On this page, the visitor was given three choices by the company:
- deliver the product to you and you install it yourself
- You go to a partner’s local shop and they will install it for you
- We deliver the product and install it
The majority of their orders were the first “do-it-your self (DIY)” option . That could mean two things:
- The company mainly attracts the DIY type of visitor
- The company doesn’t succeed in convincing the second and third type of visitors to buy
How we did the research
We started testing different things and restructuring the checkout flow to see if we could get an increase in conversions, but we could not. What we did figure out through the testing is that we mainly had visitors that wanted to choose option 2, to go to a partner’s local shop and have someone there install the product for them, but they somehow dropped off later in the process.
This was a very important breakthrough because before that the client just assumed they attracted mainly DIY type of visitors. It turned out that over 60% of the visitors actually wanted option 2, but the company just didn’t succeed in converting them.
This is an example of how a test can give very important facts, even if there’s no conversion lift. We kept the checkout so we could focus on improving the process for the second type of visitors.
Next, we did additional research: we analyzed click maps and watched a few hundred visitor recordings. A few tools you can use for click maps and recordings: Crazyegg, Mouseflow, Clicktale and Lookback.
From that we got the hypothesis that choosing the local partner shop (option 2) made the process more difficult. here was the paradox of choice problem.
(Example of a click map)
Based on that research, we did an important test: we removed the choice. Visitors could no longer choose which local shop they could go to.
Instead, they had to fill in their postal code and the website told them where they had to go. This seems simple, but it changed the way they do business and required a lot of changes to the site. We even ended up testing two separate versions of the site (not just two pages) because there were too many different page types where the partner;s local shops were mentioned.
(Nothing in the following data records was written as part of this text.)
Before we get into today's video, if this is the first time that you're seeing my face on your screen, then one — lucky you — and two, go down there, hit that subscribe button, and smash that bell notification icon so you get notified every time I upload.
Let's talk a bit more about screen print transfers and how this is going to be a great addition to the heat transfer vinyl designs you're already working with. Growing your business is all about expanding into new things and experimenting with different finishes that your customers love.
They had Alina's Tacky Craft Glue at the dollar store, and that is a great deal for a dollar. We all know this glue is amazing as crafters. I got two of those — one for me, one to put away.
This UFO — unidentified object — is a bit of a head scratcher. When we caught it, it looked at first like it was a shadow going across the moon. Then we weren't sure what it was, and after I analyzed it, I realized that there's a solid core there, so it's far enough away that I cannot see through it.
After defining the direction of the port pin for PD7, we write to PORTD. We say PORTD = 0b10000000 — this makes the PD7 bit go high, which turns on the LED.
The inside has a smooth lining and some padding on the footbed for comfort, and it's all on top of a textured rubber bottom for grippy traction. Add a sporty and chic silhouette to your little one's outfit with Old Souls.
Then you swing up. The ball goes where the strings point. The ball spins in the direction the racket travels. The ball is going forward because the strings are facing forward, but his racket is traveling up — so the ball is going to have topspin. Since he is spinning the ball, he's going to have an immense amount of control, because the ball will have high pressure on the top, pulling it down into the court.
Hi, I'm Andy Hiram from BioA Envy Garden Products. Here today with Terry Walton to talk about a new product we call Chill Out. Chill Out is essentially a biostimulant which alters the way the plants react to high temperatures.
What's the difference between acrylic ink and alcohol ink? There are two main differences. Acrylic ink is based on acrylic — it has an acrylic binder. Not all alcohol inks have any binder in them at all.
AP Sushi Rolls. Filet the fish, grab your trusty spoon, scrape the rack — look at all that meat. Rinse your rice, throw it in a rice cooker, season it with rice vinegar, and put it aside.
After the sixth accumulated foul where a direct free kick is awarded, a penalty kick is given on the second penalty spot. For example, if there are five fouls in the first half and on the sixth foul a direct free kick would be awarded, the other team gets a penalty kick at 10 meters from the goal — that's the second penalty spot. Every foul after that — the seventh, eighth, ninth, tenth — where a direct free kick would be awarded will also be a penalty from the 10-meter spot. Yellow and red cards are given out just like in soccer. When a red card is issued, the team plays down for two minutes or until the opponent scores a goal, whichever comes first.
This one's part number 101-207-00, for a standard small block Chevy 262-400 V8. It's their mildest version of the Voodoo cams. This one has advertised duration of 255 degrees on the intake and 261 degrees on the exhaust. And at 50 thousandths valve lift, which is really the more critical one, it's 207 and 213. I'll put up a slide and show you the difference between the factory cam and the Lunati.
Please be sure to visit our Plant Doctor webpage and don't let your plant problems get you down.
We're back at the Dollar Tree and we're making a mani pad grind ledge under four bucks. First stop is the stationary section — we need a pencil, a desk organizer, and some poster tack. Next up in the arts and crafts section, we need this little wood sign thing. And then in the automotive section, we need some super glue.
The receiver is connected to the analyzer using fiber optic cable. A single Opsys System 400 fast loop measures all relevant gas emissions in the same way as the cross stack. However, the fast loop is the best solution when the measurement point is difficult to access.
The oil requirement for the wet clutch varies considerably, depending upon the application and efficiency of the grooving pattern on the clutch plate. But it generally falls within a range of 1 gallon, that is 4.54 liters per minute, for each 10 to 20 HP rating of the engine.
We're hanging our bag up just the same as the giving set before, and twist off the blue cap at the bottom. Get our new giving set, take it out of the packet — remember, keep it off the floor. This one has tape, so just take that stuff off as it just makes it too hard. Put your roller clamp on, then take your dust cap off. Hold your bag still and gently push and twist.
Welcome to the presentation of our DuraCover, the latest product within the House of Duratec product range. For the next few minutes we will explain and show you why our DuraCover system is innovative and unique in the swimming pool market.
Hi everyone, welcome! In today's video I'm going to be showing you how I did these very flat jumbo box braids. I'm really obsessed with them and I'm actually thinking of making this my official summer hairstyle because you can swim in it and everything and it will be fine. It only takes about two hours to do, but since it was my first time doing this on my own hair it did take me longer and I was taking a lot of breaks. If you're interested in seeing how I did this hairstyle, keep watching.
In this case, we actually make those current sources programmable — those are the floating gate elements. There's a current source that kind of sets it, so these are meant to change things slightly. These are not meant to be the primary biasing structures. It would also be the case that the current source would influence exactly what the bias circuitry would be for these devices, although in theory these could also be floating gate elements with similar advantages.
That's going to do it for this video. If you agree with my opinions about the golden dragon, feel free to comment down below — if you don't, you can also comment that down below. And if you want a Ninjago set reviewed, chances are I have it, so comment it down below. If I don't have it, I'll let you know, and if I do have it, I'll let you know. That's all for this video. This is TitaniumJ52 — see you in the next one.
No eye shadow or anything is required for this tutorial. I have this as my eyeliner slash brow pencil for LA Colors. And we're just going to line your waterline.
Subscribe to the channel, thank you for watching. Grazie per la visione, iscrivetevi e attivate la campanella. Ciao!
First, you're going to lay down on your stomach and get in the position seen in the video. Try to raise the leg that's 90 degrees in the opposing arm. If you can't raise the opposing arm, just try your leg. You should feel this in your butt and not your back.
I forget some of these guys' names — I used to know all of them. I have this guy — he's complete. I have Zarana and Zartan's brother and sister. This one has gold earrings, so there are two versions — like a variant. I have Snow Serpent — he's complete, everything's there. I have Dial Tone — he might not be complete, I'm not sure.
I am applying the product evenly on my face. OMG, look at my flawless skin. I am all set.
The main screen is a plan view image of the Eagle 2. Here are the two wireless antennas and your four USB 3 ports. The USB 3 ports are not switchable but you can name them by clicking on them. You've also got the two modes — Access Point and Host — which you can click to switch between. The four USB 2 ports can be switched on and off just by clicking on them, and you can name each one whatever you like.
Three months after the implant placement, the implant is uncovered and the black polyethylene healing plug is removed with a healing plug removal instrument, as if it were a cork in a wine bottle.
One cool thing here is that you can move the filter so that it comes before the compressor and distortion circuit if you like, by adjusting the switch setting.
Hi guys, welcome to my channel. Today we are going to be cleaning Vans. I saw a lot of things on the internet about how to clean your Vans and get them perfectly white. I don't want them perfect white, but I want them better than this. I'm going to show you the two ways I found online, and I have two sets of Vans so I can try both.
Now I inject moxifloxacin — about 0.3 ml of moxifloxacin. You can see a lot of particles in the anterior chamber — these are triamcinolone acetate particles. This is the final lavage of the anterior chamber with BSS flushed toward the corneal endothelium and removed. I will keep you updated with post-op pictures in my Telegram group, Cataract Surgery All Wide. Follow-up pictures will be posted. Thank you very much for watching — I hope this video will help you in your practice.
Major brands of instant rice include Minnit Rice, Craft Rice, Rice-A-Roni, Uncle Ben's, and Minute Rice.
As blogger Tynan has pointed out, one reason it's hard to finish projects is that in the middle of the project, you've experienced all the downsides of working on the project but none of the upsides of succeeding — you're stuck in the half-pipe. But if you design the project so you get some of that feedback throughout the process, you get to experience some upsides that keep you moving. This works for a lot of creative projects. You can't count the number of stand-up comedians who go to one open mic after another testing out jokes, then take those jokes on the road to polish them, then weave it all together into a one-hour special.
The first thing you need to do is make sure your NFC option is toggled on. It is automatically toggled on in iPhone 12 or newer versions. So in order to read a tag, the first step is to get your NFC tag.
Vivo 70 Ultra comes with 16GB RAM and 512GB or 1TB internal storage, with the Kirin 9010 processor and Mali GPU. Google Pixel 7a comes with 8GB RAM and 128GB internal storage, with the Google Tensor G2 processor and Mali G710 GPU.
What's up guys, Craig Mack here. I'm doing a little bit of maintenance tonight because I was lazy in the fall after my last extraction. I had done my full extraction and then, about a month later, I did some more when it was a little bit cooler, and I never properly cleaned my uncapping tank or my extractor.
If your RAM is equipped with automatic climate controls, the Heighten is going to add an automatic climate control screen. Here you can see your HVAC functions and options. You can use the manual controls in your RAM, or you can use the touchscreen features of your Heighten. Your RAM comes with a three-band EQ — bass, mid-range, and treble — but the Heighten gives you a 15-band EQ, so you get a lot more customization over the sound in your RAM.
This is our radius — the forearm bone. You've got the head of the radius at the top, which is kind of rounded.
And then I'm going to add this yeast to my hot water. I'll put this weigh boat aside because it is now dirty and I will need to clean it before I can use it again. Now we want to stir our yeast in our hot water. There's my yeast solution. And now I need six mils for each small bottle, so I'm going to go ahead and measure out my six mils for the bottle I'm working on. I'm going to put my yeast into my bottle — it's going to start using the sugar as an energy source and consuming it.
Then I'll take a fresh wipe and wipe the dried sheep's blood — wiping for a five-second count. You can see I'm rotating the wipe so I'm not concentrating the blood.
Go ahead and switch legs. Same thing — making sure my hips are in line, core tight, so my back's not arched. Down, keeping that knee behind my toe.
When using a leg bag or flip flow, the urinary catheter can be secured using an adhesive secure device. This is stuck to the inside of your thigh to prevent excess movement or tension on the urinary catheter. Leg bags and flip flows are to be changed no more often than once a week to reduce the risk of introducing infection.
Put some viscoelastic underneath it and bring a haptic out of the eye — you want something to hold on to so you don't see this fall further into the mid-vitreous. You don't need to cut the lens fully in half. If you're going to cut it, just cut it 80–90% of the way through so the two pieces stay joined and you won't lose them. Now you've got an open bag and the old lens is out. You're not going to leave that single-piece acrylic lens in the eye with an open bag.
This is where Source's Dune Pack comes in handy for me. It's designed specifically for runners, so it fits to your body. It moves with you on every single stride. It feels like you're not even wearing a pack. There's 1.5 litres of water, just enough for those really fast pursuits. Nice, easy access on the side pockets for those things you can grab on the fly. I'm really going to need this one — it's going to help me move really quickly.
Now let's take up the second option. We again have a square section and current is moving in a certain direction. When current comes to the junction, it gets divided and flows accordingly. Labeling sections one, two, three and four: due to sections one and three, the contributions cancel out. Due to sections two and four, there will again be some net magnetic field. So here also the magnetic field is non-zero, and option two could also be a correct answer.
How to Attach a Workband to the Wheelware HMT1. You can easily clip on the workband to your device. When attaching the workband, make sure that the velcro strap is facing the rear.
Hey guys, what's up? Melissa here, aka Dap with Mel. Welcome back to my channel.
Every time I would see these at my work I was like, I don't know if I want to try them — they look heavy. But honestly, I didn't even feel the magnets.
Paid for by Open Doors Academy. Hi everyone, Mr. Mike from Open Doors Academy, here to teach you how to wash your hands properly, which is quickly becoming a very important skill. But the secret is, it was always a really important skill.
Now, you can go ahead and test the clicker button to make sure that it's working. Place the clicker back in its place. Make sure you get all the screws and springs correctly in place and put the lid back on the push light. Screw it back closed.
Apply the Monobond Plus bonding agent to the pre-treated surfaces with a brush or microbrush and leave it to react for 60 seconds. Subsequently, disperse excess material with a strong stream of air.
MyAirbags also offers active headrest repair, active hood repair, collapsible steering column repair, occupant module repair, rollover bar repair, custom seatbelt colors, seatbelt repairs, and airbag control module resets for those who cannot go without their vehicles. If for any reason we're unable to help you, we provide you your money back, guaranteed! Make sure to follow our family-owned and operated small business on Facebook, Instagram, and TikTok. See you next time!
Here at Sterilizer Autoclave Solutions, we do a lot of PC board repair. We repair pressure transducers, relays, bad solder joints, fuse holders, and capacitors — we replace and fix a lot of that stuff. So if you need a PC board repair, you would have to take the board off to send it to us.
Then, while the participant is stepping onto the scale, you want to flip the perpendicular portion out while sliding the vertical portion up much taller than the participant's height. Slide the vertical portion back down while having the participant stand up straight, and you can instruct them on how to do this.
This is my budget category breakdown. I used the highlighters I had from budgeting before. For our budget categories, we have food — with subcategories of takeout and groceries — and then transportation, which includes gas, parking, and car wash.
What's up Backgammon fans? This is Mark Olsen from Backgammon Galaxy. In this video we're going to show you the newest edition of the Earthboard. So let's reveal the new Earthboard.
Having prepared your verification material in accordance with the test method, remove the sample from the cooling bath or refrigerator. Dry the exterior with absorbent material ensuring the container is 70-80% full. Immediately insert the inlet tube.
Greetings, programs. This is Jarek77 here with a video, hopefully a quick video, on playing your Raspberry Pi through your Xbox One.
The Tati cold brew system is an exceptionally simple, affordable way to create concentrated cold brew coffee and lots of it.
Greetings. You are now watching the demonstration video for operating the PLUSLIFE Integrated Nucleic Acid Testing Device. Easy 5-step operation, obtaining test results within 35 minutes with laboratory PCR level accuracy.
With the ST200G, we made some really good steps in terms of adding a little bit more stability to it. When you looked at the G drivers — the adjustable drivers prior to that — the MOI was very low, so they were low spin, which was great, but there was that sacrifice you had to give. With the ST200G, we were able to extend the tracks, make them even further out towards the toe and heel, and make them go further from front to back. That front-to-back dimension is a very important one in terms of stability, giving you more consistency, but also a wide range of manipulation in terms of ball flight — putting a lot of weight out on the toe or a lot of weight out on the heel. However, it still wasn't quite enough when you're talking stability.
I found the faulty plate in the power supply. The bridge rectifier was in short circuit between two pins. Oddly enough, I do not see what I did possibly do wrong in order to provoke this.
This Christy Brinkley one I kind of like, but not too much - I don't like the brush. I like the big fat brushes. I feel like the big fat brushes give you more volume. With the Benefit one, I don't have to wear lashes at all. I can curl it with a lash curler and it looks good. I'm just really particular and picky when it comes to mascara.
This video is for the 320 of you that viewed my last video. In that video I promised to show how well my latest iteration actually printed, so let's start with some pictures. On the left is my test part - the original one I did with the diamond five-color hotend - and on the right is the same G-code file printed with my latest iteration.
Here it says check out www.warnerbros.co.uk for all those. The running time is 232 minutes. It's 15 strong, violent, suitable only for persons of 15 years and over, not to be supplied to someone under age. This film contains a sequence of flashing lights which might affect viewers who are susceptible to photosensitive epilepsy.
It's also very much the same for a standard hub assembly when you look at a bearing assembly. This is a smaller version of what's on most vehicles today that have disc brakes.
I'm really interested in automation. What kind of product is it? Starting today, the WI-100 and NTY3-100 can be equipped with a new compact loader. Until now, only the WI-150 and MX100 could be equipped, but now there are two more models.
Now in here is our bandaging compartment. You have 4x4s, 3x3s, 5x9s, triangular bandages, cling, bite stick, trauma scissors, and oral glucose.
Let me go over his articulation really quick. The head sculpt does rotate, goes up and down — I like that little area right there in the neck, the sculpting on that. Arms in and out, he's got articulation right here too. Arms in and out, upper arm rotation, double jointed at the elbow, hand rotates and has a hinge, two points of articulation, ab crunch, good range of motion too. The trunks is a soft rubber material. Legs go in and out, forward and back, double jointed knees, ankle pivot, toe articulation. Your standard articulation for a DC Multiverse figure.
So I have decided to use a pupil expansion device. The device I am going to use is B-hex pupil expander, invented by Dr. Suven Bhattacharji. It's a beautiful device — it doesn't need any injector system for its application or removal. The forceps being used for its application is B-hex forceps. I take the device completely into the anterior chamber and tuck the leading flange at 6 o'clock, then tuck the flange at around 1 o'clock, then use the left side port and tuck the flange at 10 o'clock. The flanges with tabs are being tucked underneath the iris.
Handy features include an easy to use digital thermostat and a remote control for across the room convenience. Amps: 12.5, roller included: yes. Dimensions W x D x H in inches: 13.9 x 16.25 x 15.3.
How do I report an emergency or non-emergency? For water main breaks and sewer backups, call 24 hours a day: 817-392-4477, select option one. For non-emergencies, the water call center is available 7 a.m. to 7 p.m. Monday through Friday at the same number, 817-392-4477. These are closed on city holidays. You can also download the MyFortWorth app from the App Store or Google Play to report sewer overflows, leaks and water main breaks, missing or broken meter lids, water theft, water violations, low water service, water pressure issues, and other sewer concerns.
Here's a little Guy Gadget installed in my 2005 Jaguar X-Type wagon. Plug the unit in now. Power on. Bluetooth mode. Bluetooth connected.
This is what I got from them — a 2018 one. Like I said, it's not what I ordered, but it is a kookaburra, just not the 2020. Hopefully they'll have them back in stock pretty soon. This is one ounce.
The new version of the site increased the conversions around 20% and that was just the beginning. We also found many other reasons why the funnel was leaking, including site speed and pricing issues.
But it all started with the funnel and the scenarios.
Looking at your funnels and setting up scenarios is the fastest way to find the leaks on your website. Make sure the funnels are set up correctly and that you then set up scenarios to find where your site is leaking the most money and you’ll know where to start.